Monday, August 7, 2006
So-called Civil Resistance Terrorizes Mexico
City
By Barnard R. Thompson
For all intents and purposes terrorists have seized
Mexico City.
Masked in the guise of democrats seeking a
fair deal for their presidential candidate, who is personally claiming victory even though he apparently lost in the closely
contested 2006 election, they are justifying extremism and lawlessness behind a cloak of so-called non-violent civil resistance
– but there is nothing Gandhi-like about the chaos and hardships they are causing to decent, hardworking and law abiding
fellow citizens.
Gandhi indeed, for the protest movement Andrés Manuel
López Obrador has called to the streets in Mexico City is not to gain freedom and independence from oppressive rule as Mexico
already broke those bonds through a war of Independence, the Revolution, and a modern day move to truer democracy.
What this is about is stealing an election (which
López Obrador just might have won in the first place, although most objective pundits doubt the fact).
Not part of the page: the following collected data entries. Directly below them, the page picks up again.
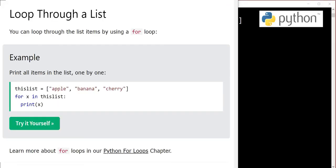Hello, assalamu alaikum, I'm Sajid and you're watching my YouTube channel. In today's video we will study how to loop through a list in Python. We will see different methods to loop through lists.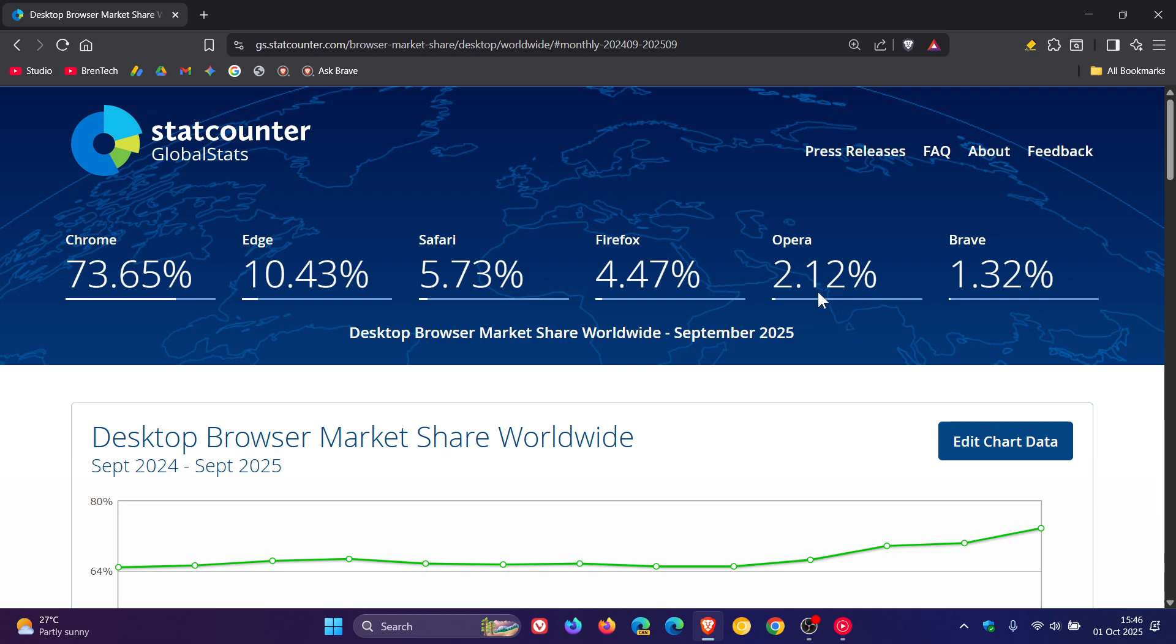Firefox has decreased from 4.94% to 4.47%. And Firefox is on a slight downwards trajectory, I have noticed over the last couple of months.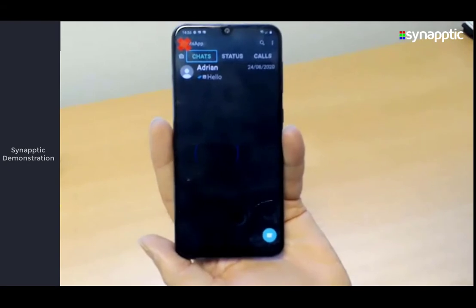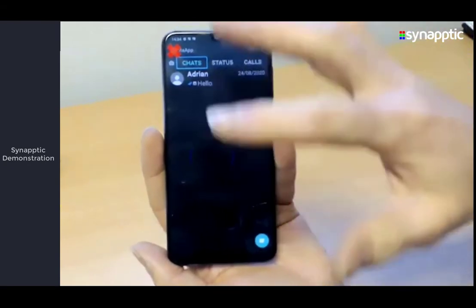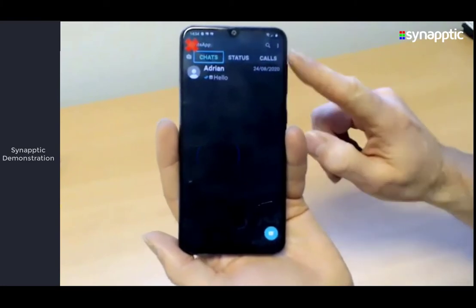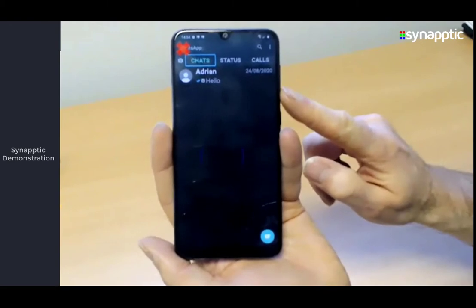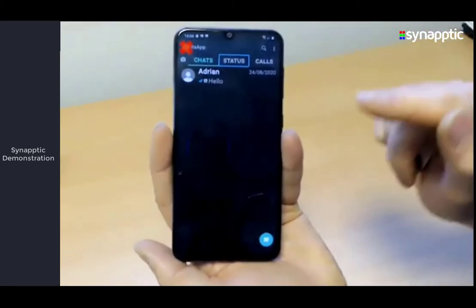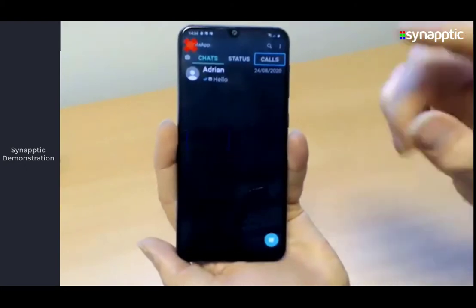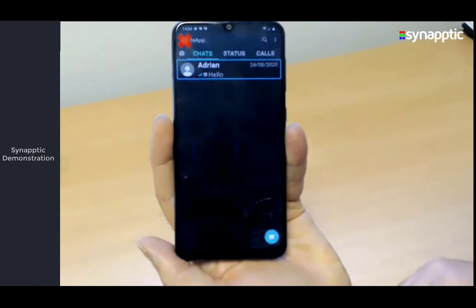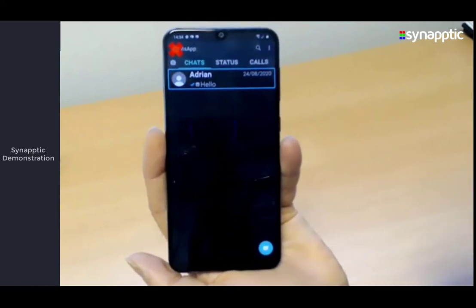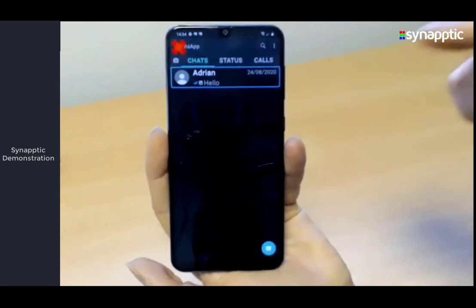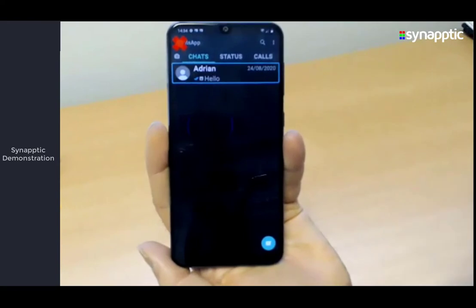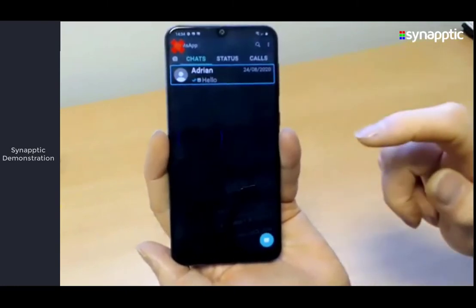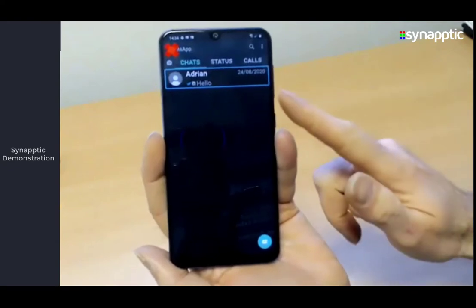So we added features into Synaptic Reader to make it easier. Whenever Synaptic Reader is running, the volume keys on the edge of the device become navigation keys. Pressing volume down once moves to the next item on the screen and reads it out. Pressing it again moves to the next thing, and so on.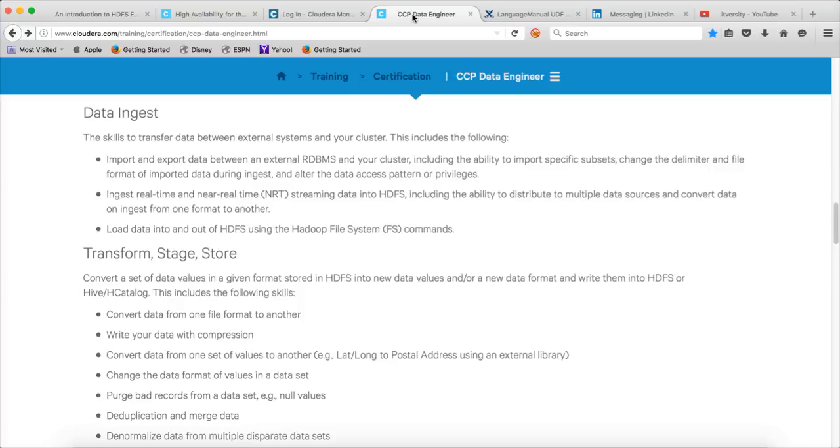At this time we are talking about CCP data engineers. As part of this video, I will cover setting up the environment as well as the first topic of data ingestion, which is import and export data between external RDBMS and cluster, including the ability to import specific subsets, change the delimiter and file format of imported data during ingest, and alter the data access pattern or privileges.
And it is about not gambling on the yet-to-come official results of a basically transparent and acknowledged
legitimate system.
It is about saying be damned with the will of the
Mexican people, and by hook or by crook I will become the next president. It
is about manipulating a yet to be decided legal ruling, through pressure, intimidation and threat, while setting the stage
for unending worse acts by duped followers – many being decent and hardworking citizens themselves – if the court
judgment does not go his way. Or, quite possibly even if a ballot-by-ballot recount
is ultimately ordered and López Obrador still loses.
Mexico City is in chaos, with social unrest and havoc caused by one man – Andrés Manuel López Obrador. Sure,
there are charges and arguments of irregularities, misdeeds and fraud in the electoral process with a spin justifying his
actions, however Mexico is a nation of laws – but López Obrador thinks he can gain the presidency by breaking those
very laws, along with condemning the institutions that judge accordingly and a nation that abides by principle.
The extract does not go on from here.